Iced tea is one of the many great things that was popularized during the St. Louis World’s Fair of 1904 but it goes back farther than that date. It is ubiquitous at Southern tables and in Southern restaurants and “sweet or unsweet?” is the standard question when iced tea is ordered in a restaurant in the South.

When I am out, I usually order “sweet” but the sweet iced tea in restaurants is often a little too sweet for my taste. I like it a little sweet and what I make at home tends to be much less sweet than what is served at many restaurants, especially the chains. As I have become more wary of processed sugars, I have begun to use alternative sweeteners, sometimes with a little honey added, to sweeten my home-made tea.

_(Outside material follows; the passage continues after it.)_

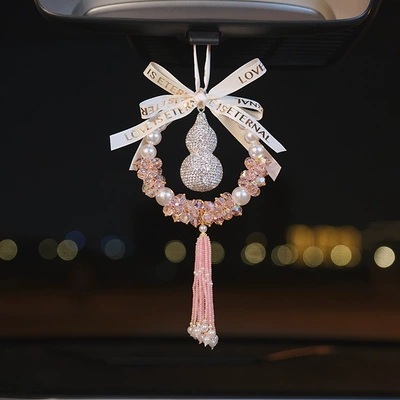 a High-End Feel for Car and – Car hanging - pearl-gourd-pendant-pink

I was once given an electric iced tea maker as a gift. It seemed heretical at the time, but I got used to it, began to like the way I could easily add mint, orange peel, and other seasonal flavors into the mix, and even bought a new iced tea maker when the first one broke. My replacement broke a few months ago and I intended to replace it but haven’t gotten around to it yet. I am enjoying the stove-top process again although I had to tweak my formulas just a bit to get it right.

Growing up, the teabags in our house and at Grandmother’s were usually Lipton and occasionally Red Diamond, a tea and coffee brand based in Birmingham, or Luzianne out of New Orleans. When I was out on my own, I gravitated to Lipton and that was my iced tea brand of choice for a long time.

That all changed after Hurricane Katrina in 2005 when I heard on a television report that the Luzianne factory did not lay off any employees post-storm and, in fact, continued paying employees their full checks during the time that the operation was closed in the aftermath of the flood. I have not been able to confirm that story, but Luzianne became my iced tea brand of choice from then on. Such corporate loyalty to employees is rare these days and deserves our support.

A key to serving iced tea is to have lemon wedges and long-handled teaspoons nearby. Also, one must always have plenty of ice cubes on hand. In the days before most refrigerators had ice dispensers, I would go into friends’ kitchens and fill their ice trays upon arrival if I knew these were people who were negligent about what I consider to be the essential task of constant in-home ice production. I still keep full ice trays in the freezer in case of an emergency.

Last Christmas, friends who know my affinity for iced drinks gave me a gift of spherical ice — plastic contraptions that each produce one perfectly round and substantial circle of ice. They’re a modern miracle and a perfect gift – the ice globe is pleasing to look at, melts slowly, and just fits in an old-fashioned glass. Two will work for a tall glass of tea. At lunch on New Year’s Day, people were whipping out their phones like the paparazzi to photograph my drink with a round globe of ice sitting majestically inside.

After a brutal Winter, it’s finally Spring and warmer weather is settling in. Wherever we live or travel, we should all be able to drink our fill of iced tea without having to explain ourselves.

Back in 1989, during that same theatre tour that took me to New London, I was in a restaurant in downtown Burlington, Vermont, a few days before Christmas. The waiter asked for my drink order and I said “iced tea.” He wrote down my order and went back to the kitchen.

A few minutes later, the owner of the restaurant came out from the back and introduced himself.

“Where are you from?’ he asked.

“Alabama.”

“I’m from South Carolina,” he said. “That’s why we serve iced tea in December.” It turned out that his wait staff had instructions to inform him whenever a patron ordered iced tea during cold months. He said that was always a signal that another Southerner was in the house.